:: Exercise details ::
Print, exactly and without pictures, the lines from the one where "Rummy Arena - Indian Rummy screenshot 3" appears down to the end of the entries.

:: Information ::
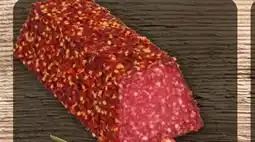 REWE Center Schulte Trapez Salami Chili Angebot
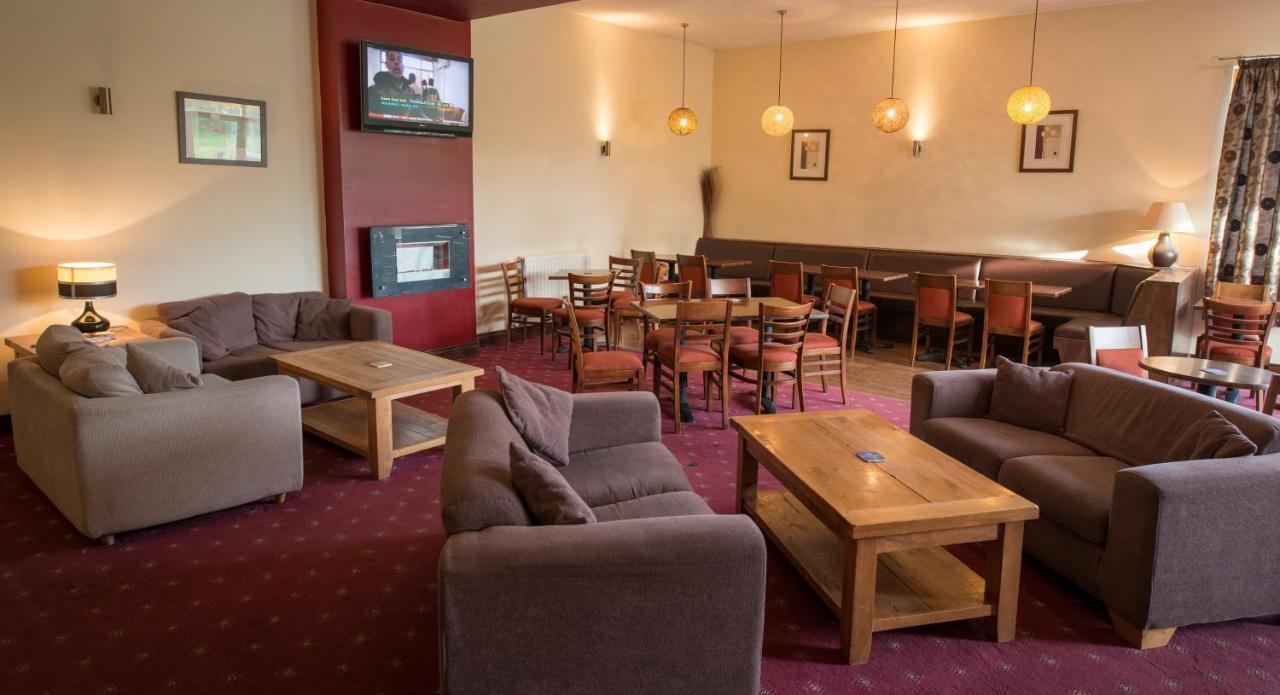 Allerton Court Hotel Northallerton Εξωτερικό φωτογραφία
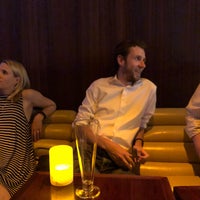 Photo taken at FIX Restaurant &amp;amp; Bar by Krista S. on 6/7/2018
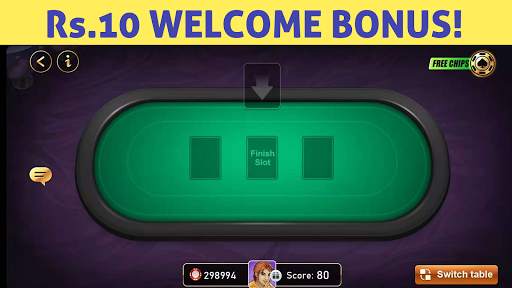 Rummy Arena - Indian Rummy screenshot 3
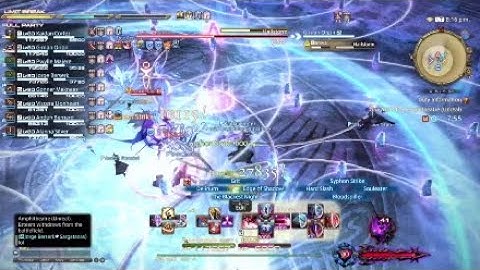 Final Fantasy XIV Shiva Unreal (its Extreme but 80)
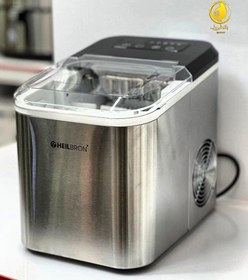 تصویر یخ ساز هیلبرون مدل HN1805 Hilbron ice maker model HN1805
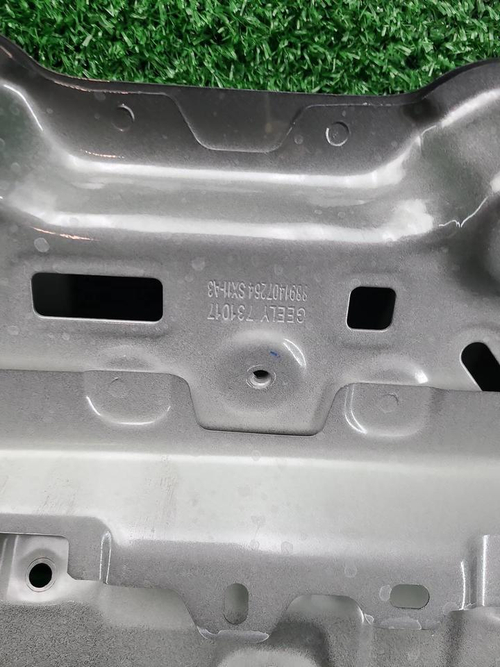 Крышка багажника Geely Coolray (2023-н.в.)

:: Written answer ::
 Rummy Arena - Indian Rummy screenshot 3
 Final Fantasy XIV Shiva Unreal (its Extreme but 80)
 تصویر یخ ساز هیلبرون مدل HN1805 Hilbron ice maker model HN1805
 Крышка багажника Geely Coolray (2023-н.в.)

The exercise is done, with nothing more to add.